Tout n’est pas clair, certes, dans cette poésie barbare. Ce dieu Taaora, dont le nom, d’après Mœrenhout, signifie le Très-éloigné ou le Très-étendu, qu’est-il au juste ? Tantôt il semble rester distinct du monde après la création, et tantôt il semble se confondre alors avec lui. Tantôt il semble avoir formé l’univers de rien, et tantôt il semble avoir seulement organisé la matière. Une phrase du deuxième chant laisse même supposer qu’à l’origine ce créateur ou cet ordonnateur du monde n’a peut-être été que le Soleil, puisqu’il y est dit que le dieu est impuissant à associer les éléments tant que la lumière n’existe pas et que le monde est fait aussitôt que la lumière brille[1].

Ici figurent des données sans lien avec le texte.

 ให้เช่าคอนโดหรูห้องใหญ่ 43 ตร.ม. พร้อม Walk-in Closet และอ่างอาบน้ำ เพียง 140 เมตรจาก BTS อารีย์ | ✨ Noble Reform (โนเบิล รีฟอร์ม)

Malgré leurs obscurités, les deux odes cosmogoniques que chantaient les ancêtres de la reine Pomaré n’en ont pas moins une noblesse de pensée et une splendeur d’expres-


  1. Que Taaora a commencé probablement par être une simple personnification du soleil, c’est ce qui résulte, comme le fait justement observer Mœrenhout, d’un autre chant, où l’on voit le dieu s’unir avec les différentes parties de l’univers pour les féconder. Uni avec la femme déesse du dehors (la mer), il crée les nuages noirs et blancs et la pluie. Uni avec la femme-déesse de l’intérieur (la terre), il crée les premiers germes, les nuages des montagnes, l’homme. Uni avec la femme-déesse de l’air, il crée l’arc-en-ciel, les nuages rouges, la pluie rouge. Uni avec la femme-déesse du dedans (le sein de la terre), il crée les bruits souterrains. Cet être, qui pour former la pluie s’unit à la mer et qui pour former l’arc-en-ciel s’unit à l’air, quel est-il donc, s’il n’est pas le soleil ?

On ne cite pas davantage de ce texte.